We’re starting a project on CUDA technology. We’re trying to implement on CUDA a business process for the tourism industry which is paralellizable, but that it also includes a lot of logic. By that I mean branching, looping etc.

After reading perhaps half of the documentation and listening to a good deal of the webinars, I think we are starting to grab the main concepts involving effective GPU programming. But at this time we would like also to receive feedback to confirm or deny if our understanding of the architecture is right or we’re still missing something. We have therefore a bunch of questions, and we would appreciate if someone could help us with some of them.

OK, here are the questions:

Regarding memory usage.

We understannd that there is global, texture, local, shared memory and registers.

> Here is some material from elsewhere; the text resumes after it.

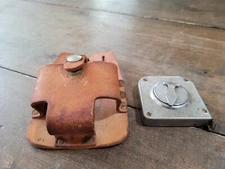 Vtg Disston HK Porter 25' Reel-In Metal Tape Measure + Nicholas Leather Holder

1-Shared memory and registers are hundreds of times faster than global, local or texture memory. Is that right?
2-Preloading data to shared memory is appropiate as long as the data is accesed more than once by any given thread. If thats not the case, delaying the use of the data with an intermediate operation would be enough to mask access to global memory latency. Is that right?
3-Perhaps because we’re used to CPU programming, we are not sure we will be confortable using texture memory. Are we ok with only using global memory?. Also, for instance in a Tesla 2050 card there are 6 GB of DRAM. Are all of those 6 GBytes global memory? We dont understand the ratio between global, local and texture memory in DRAM.
4-Whats the difference between local and global memory? We know both are at DRAM and not cached, but thats it.
5-To get good performance there should be an initial data loading from host to device global memory.
6-Data Coalescing. We understand that to get good memory performance we should be using SOA. But, we also understand that if the primitive struct size is less or equal to 128 bits, we re ok. For instance

typedef truct {
double net, comission;
} Price;

global kernel(vector inputData);

and

typedef struct {
vector net, comission;
} PriceVector

global kernel(PriceVector data);

are both good. Is that right?

7-We’re confused about what will happen with register and shared memory pressure. We understand that there are 32 KBytes (or KBits) of memory for shared memory on every scalar processor. Is that right. What will happen if we overflow the amount of that available memory, be it because of register or shared memory pressure? How do you guys monitor and design around that problem?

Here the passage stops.